WebLogic Server管理コンソールへのログインの詳細は、第1.13.2項「Oracle WebLogic Server管理コンソール」を参照してください。
「ドメイン構造」ペインで、「セキュリティ・レルム」をクリックします。
「セキュリティ・レルムのサマリー」ペインが表示されます。
「名前」列で、ユーザーを追加するレルムをクリックします。
「レルムの設定」ペインが表示されます。
「ユーザーとグループ」タブをクリックし、現行ユーザーのリストを表示します。
「新規」をクリックして、新しいユーザーを追加します。
「新しいユーザーの作成」ページで、「名前」フィールドに新しいユーザーのログイン名を入力します。
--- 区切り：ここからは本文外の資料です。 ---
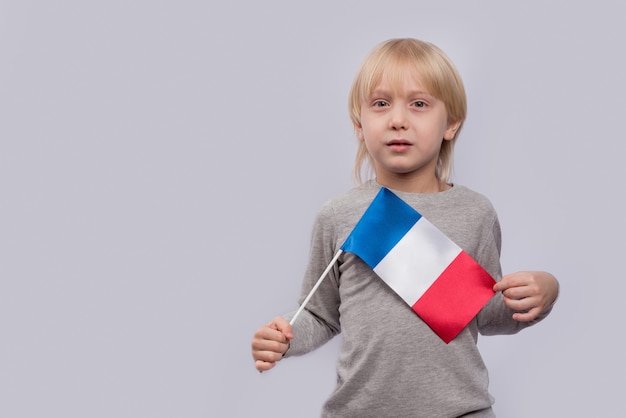 Foto niño que sostiene la bandera de francia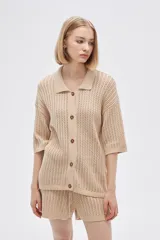 Remera de punto calado color beige, con cuello polo, mangas cortas y cierre frontal con botones.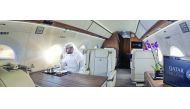 A guest of Qatar Executive enjoying a sip of coffee inside the Gulfstream G650ER’s cabin  equippped with the most advanced technology, including satellite communications.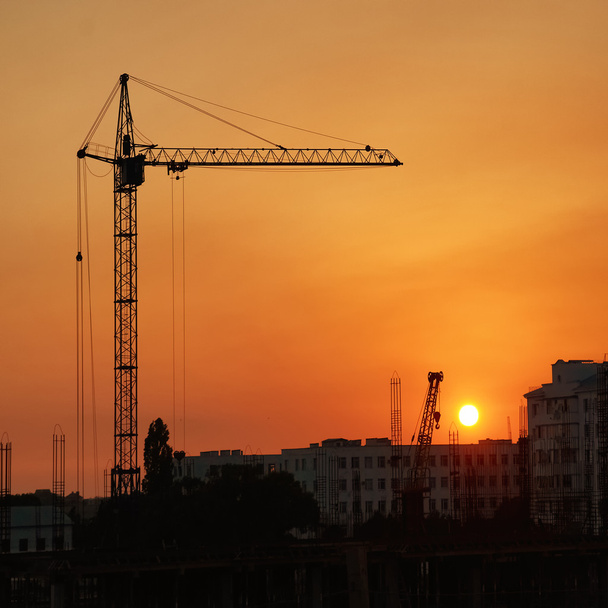 Průmyslové jeřáby nad západem slunce - Fotografie, Obrázek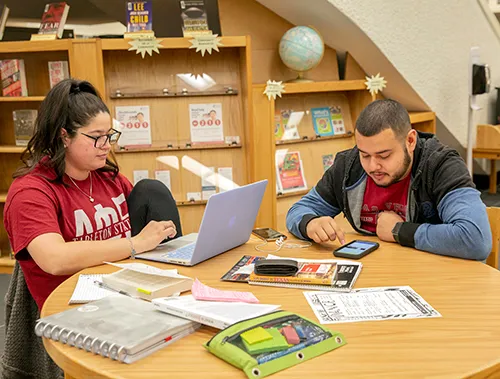 Two students working at a round table in a study room, surrounded by a laptop, notebooks, papers, and stationery.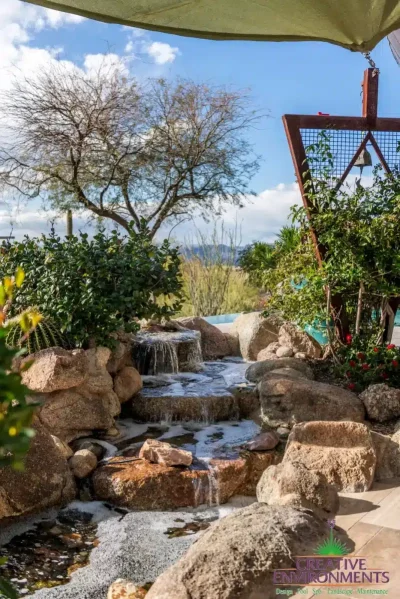 Backyard design with natural stone waterfall and triangular accents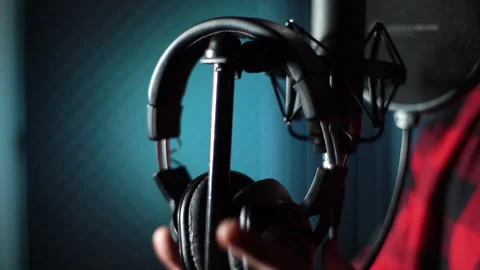 Close-up hands of singer taking off headphones of rack for microphone at music Stock Footage 147879685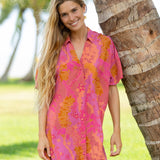 woman wearing a pink v neck button up mini dress with lei print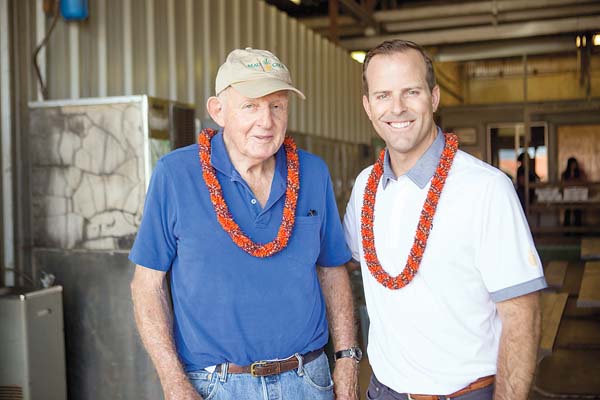 Ulupalakua Ranch’s Pardee Erdman, one of the former owner investors of Maui Gold Pineapple Co., stands with Joe LeVecke, president of Maui Gold Pineapple Co. and Hali‘imaile Distilling Co.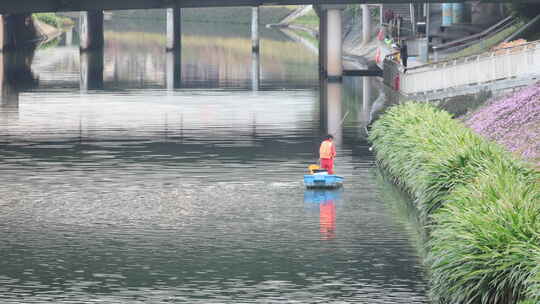 河道清理工撑船清理河面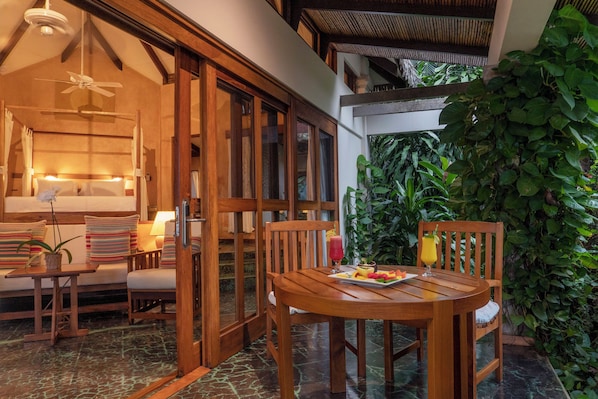 A wooden dining table with chairs, a bench, and a glass of orange juice.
ユーザー名では大/小文字が区別されます。また、ユーザー名は一意である必要があります。カンマ、タブ、および次のカンマ区切りリスト内のその他の文字は使用しないでください。
< >、#、|、&、?、( )、{ }
「説明」フィールドに、ユーザーの説明(たとえば、ユーザーのフル・ネーム)を入力します。
「プロバイダ」ドロップダウン・メニューからDefaultAuthenticatorを選択します。
「パスワード」フィールドに、ユーザーのパスワードを入力します。
WebLogic認証プロバイダで定義されたユーザーのパスワードの最低限の長さは8文字です(他のLDAPプロバイダではパスワード長の要件が異なる場合があります)。本番環境では、weblogic/weblogicのようなユーザー名とパスワードの組合せは使用しないでください。
「パスワードの確認」フィールドにパスワードを再入力します。
「OK」をクリックして変更を保存し、ユーザーを追加します。
追加したユーザーがユーザー・リストに表示されます。
LDIFファイルを使用して組込みLDAPアイデンティティ・ストアにユーザーを直接追加する手順は次のとおりです。LDIFファイルを使用すると、WebLogic Server管理コンソールからは使用できない追加のユーザー属性を指定できます。組込みLDAPサーバーはLDAPに準拠したサーバーであるため、LDAPコマンドを使用してユーザーの追加や変更ができます。また、ディレクトリを検索することもできます。これは、ユーザー・アカウントをエクスポートおよびインポートする場合に役立ちます。
LDIFファイルを使用して組込みLDAPにユーザーを追加するには、次のタスクを実行する必要があります。
外部LDAPアクセスの有効化
LDAPアクセス資格証明は、WebLogic Serverのインストール時にランダム値として設定され、config.xmlファイルに暗号化されます。外部LDAPアクセスを有効にするには、組込みLDAPのアクセス資格証明をリセットする必要があります。
組込みLDAPのアクセス資格証明をリセットする手順は次のとおりです。
WebLogic Server管理コンソールにログインします。
WebLogic Server管理コンソールへのログインの詳細は、第1.13.2項「Oracle WebLogic Server管理コンソール」を参照してください。
「ドメイン構造」ペインで、wc_domainをクリックします。
wc_domainの「設定」ペインで「セキュリティ」タブをクリックし、「組込みLDAP」タブをクリックします。
wc_domainの「設定」ペインに組込みLDAP設定が表示されます。
「資格証明」フィールドに新しいパスワードを入力し、「資格証明の確認」フィールドに再度入力します。
「保存」をクリックして、設定を保存します。
WebLogicサーバーを再起動します。
これを行った後は、次の値を使用してLDAPサーバーにアクセスできるようになります。
管理アクセスのDN値は"cn=Admin"です。
パスワードは「資格証明」フィールドに入力した値です。
ポートは管理ポートと同じポート(デフォルトは7001)です。
LDIFファイルの作成
LDIFファイルは任意のテキスト・エディタで作成できます。また、LDIFファイルには、組込みLDAPディレクトリに該当する任意の属性を含めることができます。WebLogic Serverの組込みLDAPサーバーのデフォルトでサポートされているobjectclassesは次のとおりです。
person
inetOrgPerson
organizationalPerson
wlsUser
組込みLDAPサーバーと正常に対話するには、ディレクトリ情報ツリー(DIT)のデフォルト・レイアウトを理解しておく必要があります。組込みLDAPディレクトリのデフォルト・レイアウトを図31-1に示します。
|
注意: 組込みLDAPのディレクトリ・ツリーでは、ユーザー・エントリのネーミング属性は「uid」です。これは、Oracle Internet Directory (OID)のデフォルトの構成(ネーミング属性は「cn」)とは異なります。また、このツリーにおけるユーザーの場所は「ou=people,ou=myrealm,dc=wc_domain」です。 |
次の例は、WebCenter Portalユーザー・プロファイルの画面に表示される属性が指定されたLDIFファイルを示しています。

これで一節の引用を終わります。